Modelling a nonstationary variable with stationary and nonstatianary variables

I am very confused about time series analysis. Let $y$ is the dependent variable, which has an increasing trend. Let $x1$ is a price index for a group of goods. I know that $x1$ creates the general trend of $y$. Both $y$ and $x1$ are $I(1)$. So, I can regress $y$ on $x1$ (cointegration).

However, I also know that there are some other variables that affect $y$. For example, variable $x2$, affects $y$ in short term - it creates some seasonal effects around the trend. And I have also other such variables, which explain the variability of $y$ around the trend.

I am confused about this situation. I can regress $y$ on $x1$, because they are both $I(1)$. However, $x2$ is $I(0)$. So, I can't regress $x2$ on $y$.

How can I model $y$ using $x1$ and $x2$? I will appreciate help or advice on articles on this subject.

• You could check back later if my answer gets any comments or votes -- I am not 100% confident in the answer myself, although I think I am right. In your case I would use a VECM instead because I feel more comfortable with it. – Richard Hardy Apr 21 '15 at 19:35

I believe it is OK to have a regression of the form

$$y=\beta_0+\beta_1 x_1+\beta_2 x_2+\varepsilon$$

where $y$ and $x_1$ are cointegrated and $x_2$ is stationary. The OLS coefficient estimates will be consistent; in fact, $\hat \beta_1^{OLS}$ will be superconsistent -- that's even better.

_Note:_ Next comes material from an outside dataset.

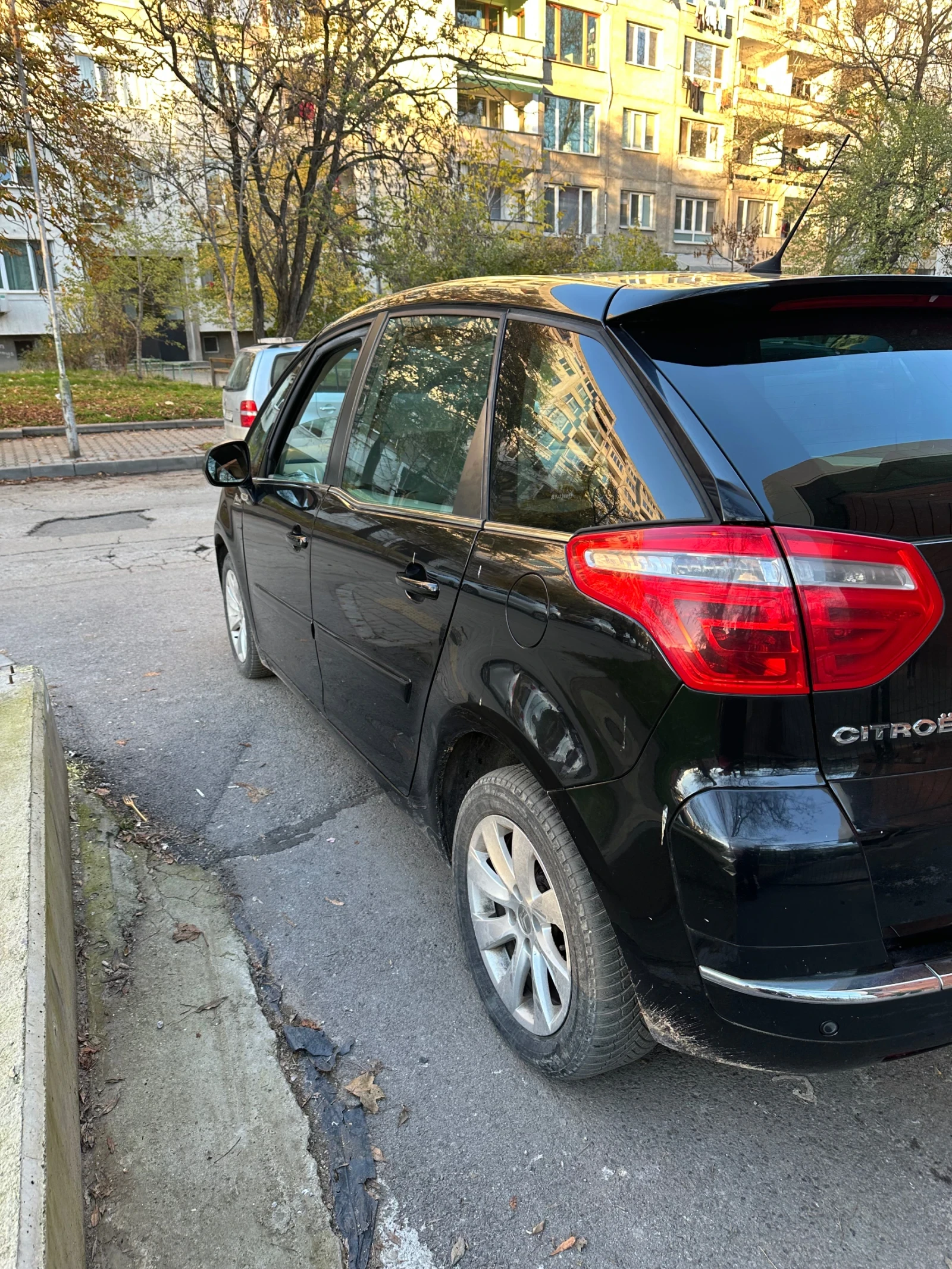 Citroen C4 Picasso | Mobile.bg � ����������� 4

But that will only be useful if you need just the point estimates of the $\beta$'s. The OLS standard error for $\beta_1$ will not give you the right measure of uncertainty because of the superconsistency (not sure about $\beta_0$ and $\beta_2$). Hence, you will not be able to test the statistical significance of $\beta_1$, at least in the standard way. To be able to do that, you should go for a vector error correction model (VECM) instead. In general, I find VECM to be a "cleaner" modelling approach for a case like yours.

A usual definition of co-integration (there are alternatives) is that, given a random vector, say

$$\mathbf z = (y,x_1,x_2)'$$ then there exists a non-zero coefficient vector of fixed numbers $$\mathbf \alpha = (a_1,a_2,a_3)'$$ such that

$$u= \mathbf \alpha'\mathbf z \;\; \text{is covariance stationary}$$

In your case, let's say that indeed $y$ and $x_1$ are indeed co-integrated (the fact that they are both $I(1)$ does not make them automatically co-integrated, co-integration implies a relationship between the two). Setting $\tilde \alpha = (a_1,a_2)$ we have that

$$\tilde u = \tilde \alpha' \left [\begin{matrix} y \\ x_1\end{matrix} \right]$$ is covariance stationary. Now since $x_2$ is covariance stationary, then

$$u = \tilde u + a_3x_2$$ will also be covariance-stationary. But

$$\tilde u + a_3x_2 = \alpha' \left [\begin{matrix} y \\ x_1 \\ x_2 \end{matrix} \right]$$

which is your full specification. In short, if two $I(1)$ variable are co-integrated, then adding any number of $I(0)$ variables to the specification does not create any methodological issues.